___ Entries shown ___

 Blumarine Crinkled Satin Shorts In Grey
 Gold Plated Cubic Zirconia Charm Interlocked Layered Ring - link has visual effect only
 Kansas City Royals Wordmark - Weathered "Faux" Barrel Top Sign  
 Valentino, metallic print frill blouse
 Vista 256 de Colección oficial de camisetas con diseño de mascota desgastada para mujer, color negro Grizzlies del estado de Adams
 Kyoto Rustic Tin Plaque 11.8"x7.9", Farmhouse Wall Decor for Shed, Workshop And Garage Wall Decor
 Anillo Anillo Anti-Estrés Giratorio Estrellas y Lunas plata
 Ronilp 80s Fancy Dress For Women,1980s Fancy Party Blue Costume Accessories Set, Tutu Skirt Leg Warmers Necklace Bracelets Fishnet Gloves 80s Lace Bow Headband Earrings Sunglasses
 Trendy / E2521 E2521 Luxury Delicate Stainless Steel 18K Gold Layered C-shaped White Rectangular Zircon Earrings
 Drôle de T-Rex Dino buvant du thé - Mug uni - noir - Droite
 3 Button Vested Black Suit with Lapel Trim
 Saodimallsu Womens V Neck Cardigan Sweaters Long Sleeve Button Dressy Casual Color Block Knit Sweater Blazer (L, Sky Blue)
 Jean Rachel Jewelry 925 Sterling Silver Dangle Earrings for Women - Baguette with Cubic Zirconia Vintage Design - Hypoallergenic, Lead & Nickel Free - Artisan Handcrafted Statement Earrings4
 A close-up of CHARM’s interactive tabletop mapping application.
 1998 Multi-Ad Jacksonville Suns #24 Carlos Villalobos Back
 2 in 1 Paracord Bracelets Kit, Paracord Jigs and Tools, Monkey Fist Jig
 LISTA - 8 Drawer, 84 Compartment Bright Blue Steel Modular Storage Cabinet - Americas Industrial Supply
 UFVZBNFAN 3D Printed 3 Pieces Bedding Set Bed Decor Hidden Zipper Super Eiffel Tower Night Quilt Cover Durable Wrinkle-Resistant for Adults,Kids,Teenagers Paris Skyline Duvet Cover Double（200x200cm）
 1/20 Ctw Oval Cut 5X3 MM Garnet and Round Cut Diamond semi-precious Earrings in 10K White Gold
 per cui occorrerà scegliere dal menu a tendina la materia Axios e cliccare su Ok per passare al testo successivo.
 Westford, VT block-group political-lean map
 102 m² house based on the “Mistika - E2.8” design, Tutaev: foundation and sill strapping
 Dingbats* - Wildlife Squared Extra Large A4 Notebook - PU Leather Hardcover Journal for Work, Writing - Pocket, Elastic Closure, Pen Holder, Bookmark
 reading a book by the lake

___

→ **Task item**:
Beginning at the line above with "Vista 256 de" and finishing at the line with "Saodimallsu Womens V", return each line exactly and return nothing else.

→ **Solution**:
 Vista 256 de Colección oficial de camisetas con diseño de mascota desgastada para mujer, color negro Grizzlies del estado de Adams
 Kyoto Rustic Tin Plaque 11.8"x7.9", Farmhouse Wall Decor for Shed, Workshop And Garage Wall Decor
 Anillo Anillo Anti-Estrés Giratorio Estrellas y Lunas plata
 Ronilp 80s Fancy Dress For Women,1980s Fancy Party Blue Costume Accessories Set, Tutu Skirt Leg Warmers Necklace Bracelets Fishnet Gloves 80s Lace Bow Headband Earrings Sunglasses
 Trendy / E2521 E2521 Luxury Delicate Stainless Steel 18K Gold Layered C-shaped White Rectangular Zircon Earrings
 Drôle de T-Rex Dino buvant du thé - Mug uni - noir - Droite
 3 Button Vested Black Suit with Lapel Trim
 Saodimallsu Womens V Neck Cardigan Sweaters Long Sleeve Button Dressy Casual Color Block Knit Sweater Blazer (L, Sky Blue)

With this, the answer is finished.